— PROBLEM DETAILS —
In duplicating the lines below, keep every word unchanged and drop the pictures.

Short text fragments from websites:
========================================================================

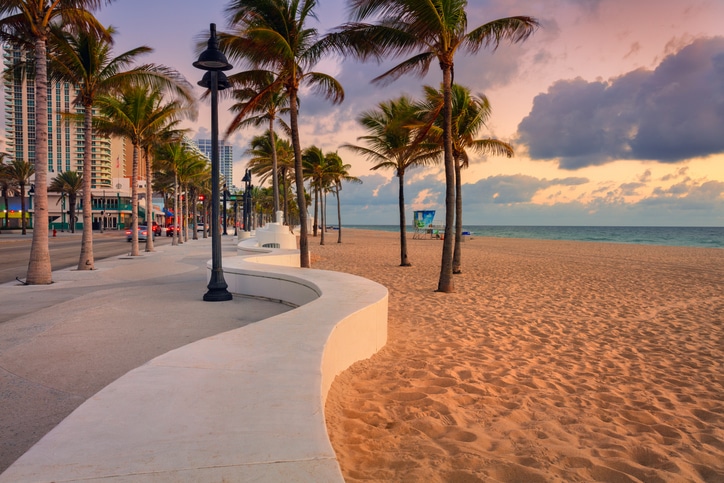 Broward Fort Lauderdale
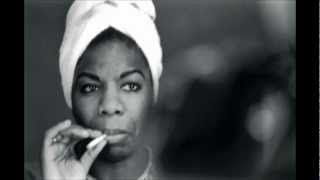 Nina Simone - The more I see You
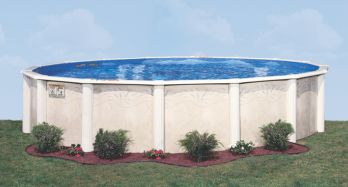 Doughboy Royal Spring Above Ground Pools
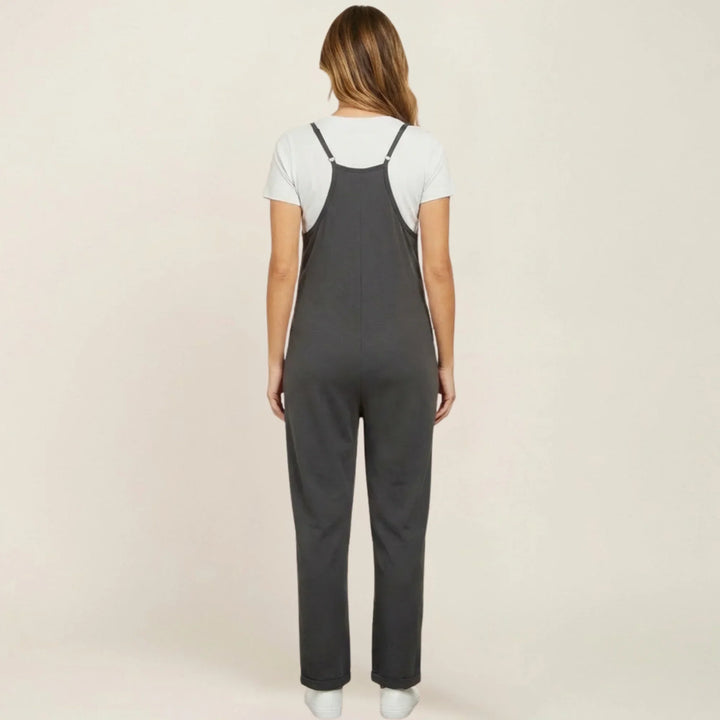Lykke | Oversized Jumpsuit
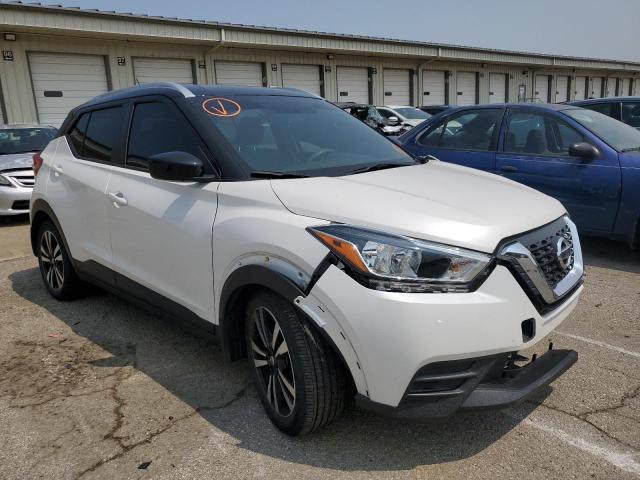 Photo 4 from auction – 2019 NISSAN KICKS S with VIN 3N1CP5CU3KL568837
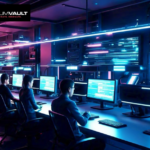 Kali Linux Stickers – Decorate Your Gear with Cybersecurity Flair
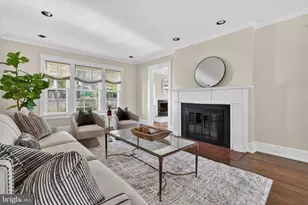 3804 Kanawha St NW, Washington, DC 20015 - Photo 9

========================================================================

— RESULT —
 Broward Fort Lauderdale
 Nina Simone - The more I see You
 Doughboy Royal Spring Above Ground Pools
Lykke | Oversized Jumpsuit
 Photo 4 from auction – 2019 NISSAN KICKS S with VIN 3N1CP5CU3KL568837
 Kali Linux Stickers – Decorate Your Gear with Cybersecurity Flair
 3804 Kanawha St NW, Washington, DC 20015 - Photo 9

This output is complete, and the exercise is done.